Say my probability space is $(\Omega, \mathcal F, \mathbb P)$. Now when my $\Omega$ has sequences of finite coin tosses, I can understand that I can draw the brownian motion based upon $Head/Tail$. For example, if $\omega=HH$, then my brownian path would be two upmoves (say). Now say $\Omega$ consists of infnite toss sequences. Now the only way I can get $W(t)$ is by sampling from normal distribution having variance $t$. Because for $t=1$, and for $t=2$, both consist of infinite sequences, and only way out is to sample from corresponding normal distribution with variance $1$ and $2$ respectively!
Now my question is, say we want to place a restraint on brownian motion, $W(t)$, to be less than , say $[0, 0.5]$. Now it corresponds to certain set $A \in \mathcal F$. Now this set $A$ has many elements in it, and each element corresponds to different Brownian motion.
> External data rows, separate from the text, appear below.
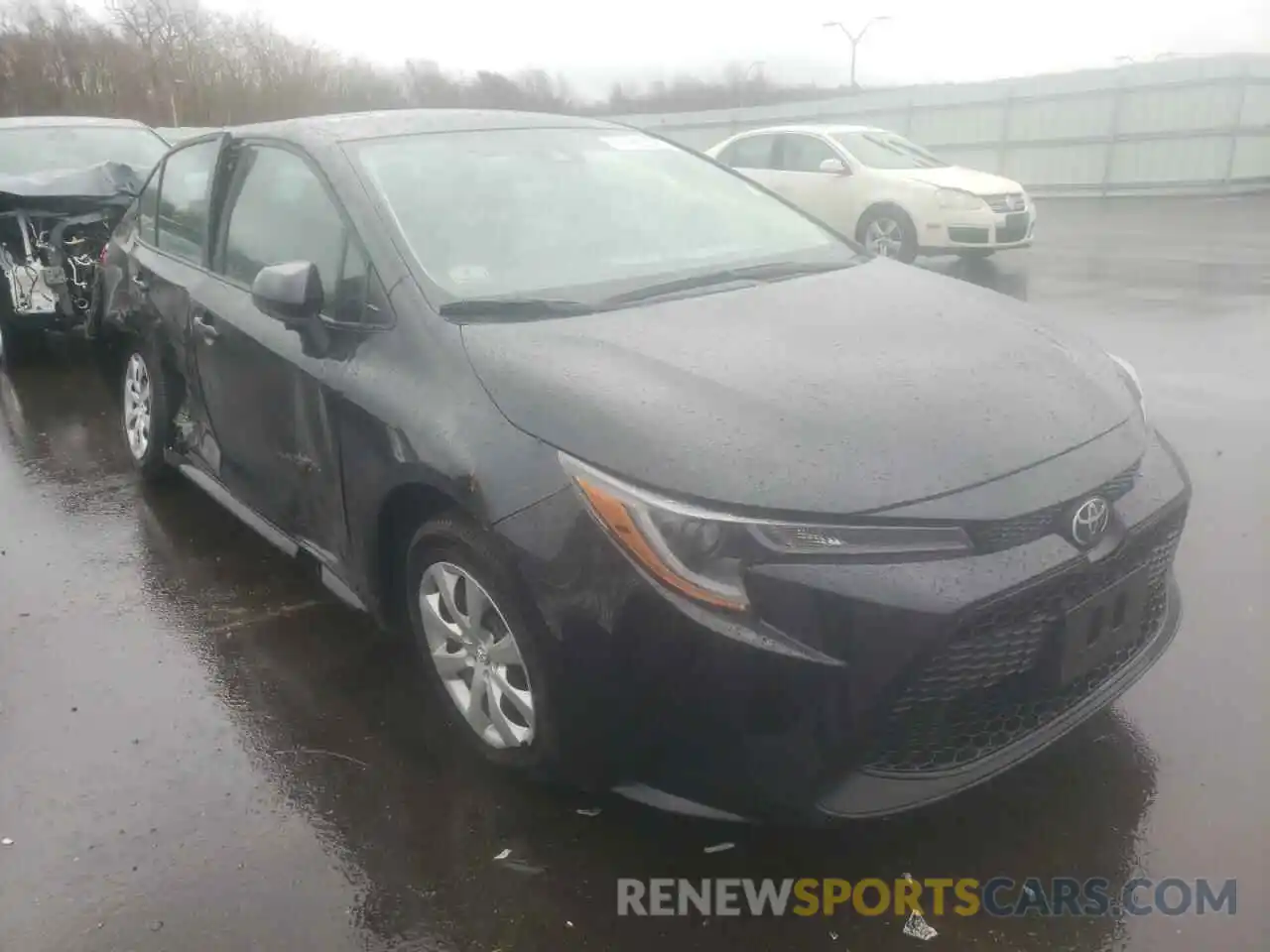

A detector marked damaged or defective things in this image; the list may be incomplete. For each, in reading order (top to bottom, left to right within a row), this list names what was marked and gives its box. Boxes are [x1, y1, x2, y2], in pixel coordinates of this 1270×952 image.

wrecked car front end [0, 162, 144, 340]
damaged dark car [0, 115, 169, 360]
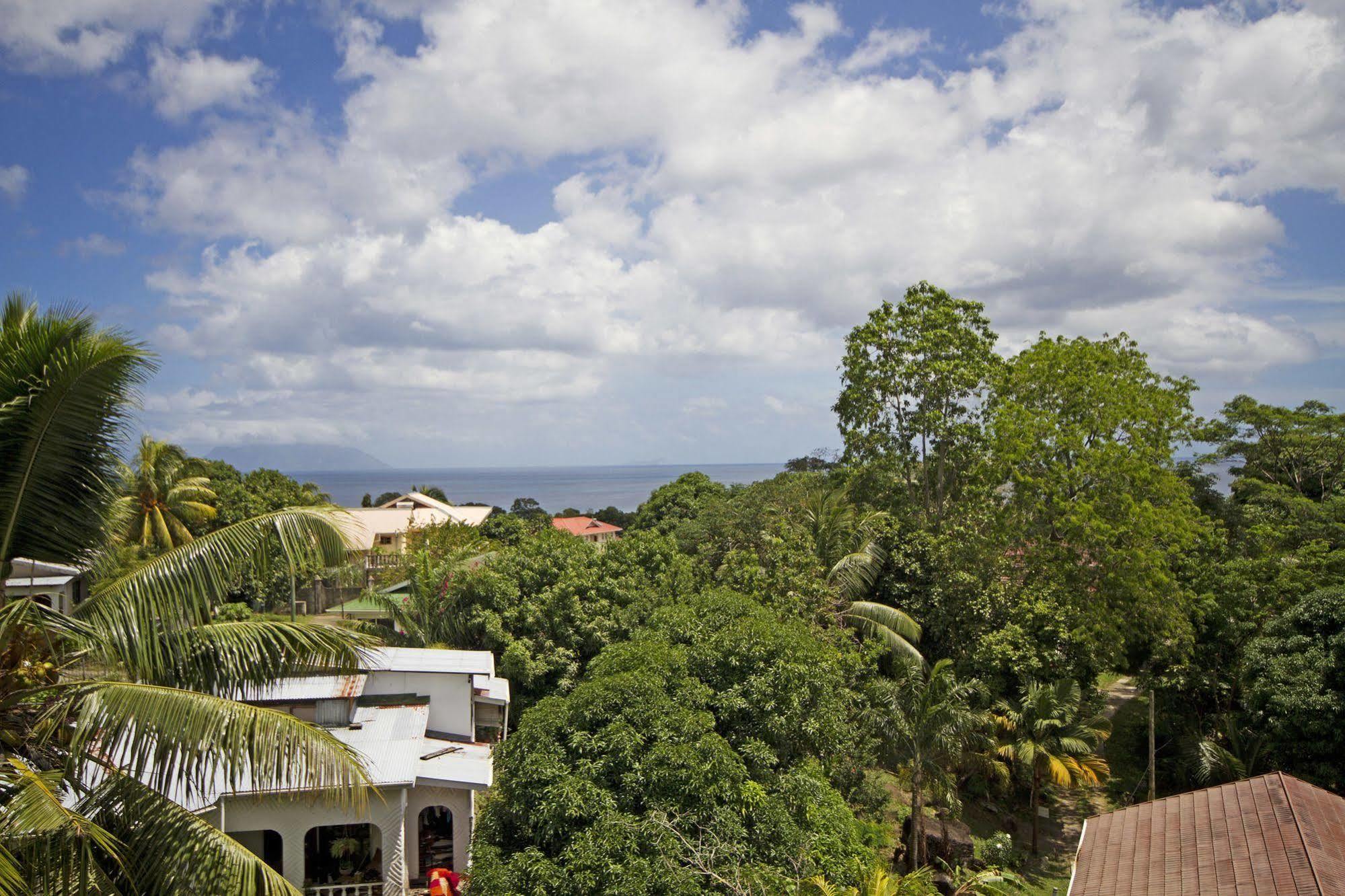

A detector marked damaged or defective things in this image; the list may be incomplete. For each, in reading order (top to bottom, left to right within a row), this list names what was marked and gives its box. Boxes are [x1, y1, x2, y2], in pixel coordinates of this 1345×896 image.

rusty metal roof [1070, 770, 1345, 893]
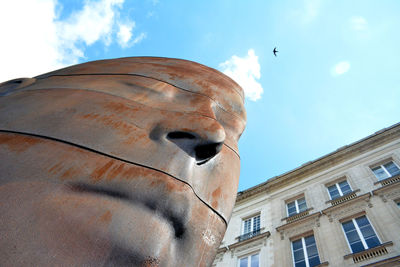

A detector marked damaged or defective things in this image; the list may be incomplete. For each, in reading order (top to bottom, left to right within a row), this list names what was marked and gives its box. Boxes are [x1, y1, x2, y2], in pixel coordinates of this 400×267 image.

rusty brown patina [0, 57, 245, 266]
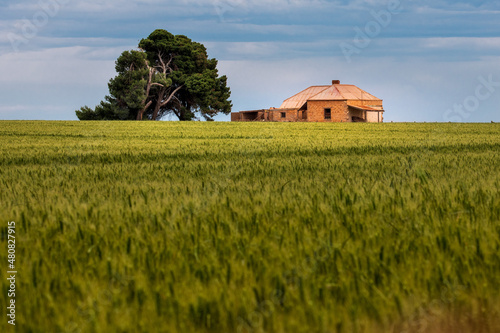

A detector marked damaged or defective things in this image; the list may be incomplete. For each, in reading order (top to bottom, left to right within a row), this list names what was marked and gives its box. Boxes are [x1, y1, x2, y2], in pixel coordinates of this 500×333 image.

rusty corrugated roof [280, 82, 380, 108]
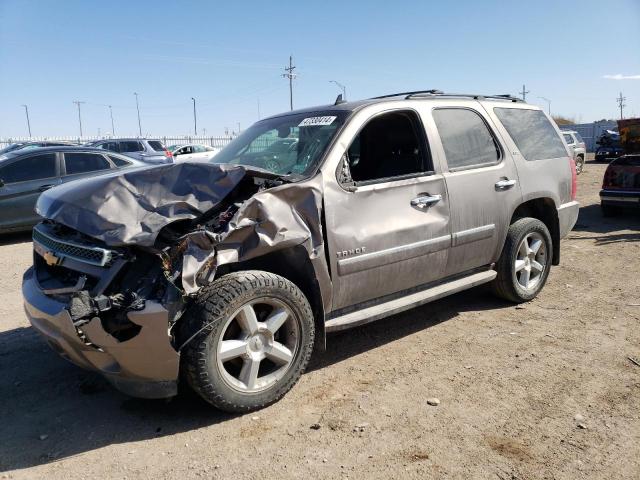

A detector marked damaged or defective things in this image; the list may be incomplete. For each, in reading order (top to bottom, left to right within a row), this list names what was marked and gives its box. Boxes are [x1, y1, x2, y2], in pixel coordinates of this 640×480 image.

damaged front bumper [23, 266, 179, 398]
crushed front end [23, 221, 180, 398]
crumpled hood [36, 162, 249, 246]
damaged suv [23, 91, 580, 412]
Now if I have certain variable $X(t, W)$, and we want to estimate this variable at time $t$, then what I think is logical is to average the variable $X$ over all browinan paths containing in set $A$.
Am I right in my thinking above?
Also a side question, if $\Omega$ is a Borel set on $\mathcal R$, then how do I map a borel set to brownian path. In case of infinite toss sequences, I can understand I have the toss, and I can simulate the path. But with Borel set, how can I draw the Brownian path? For example if $\omega=[1, 1.2]$, then how this closed set maps to a Brownian path?
Any clue would be greatly appreciated.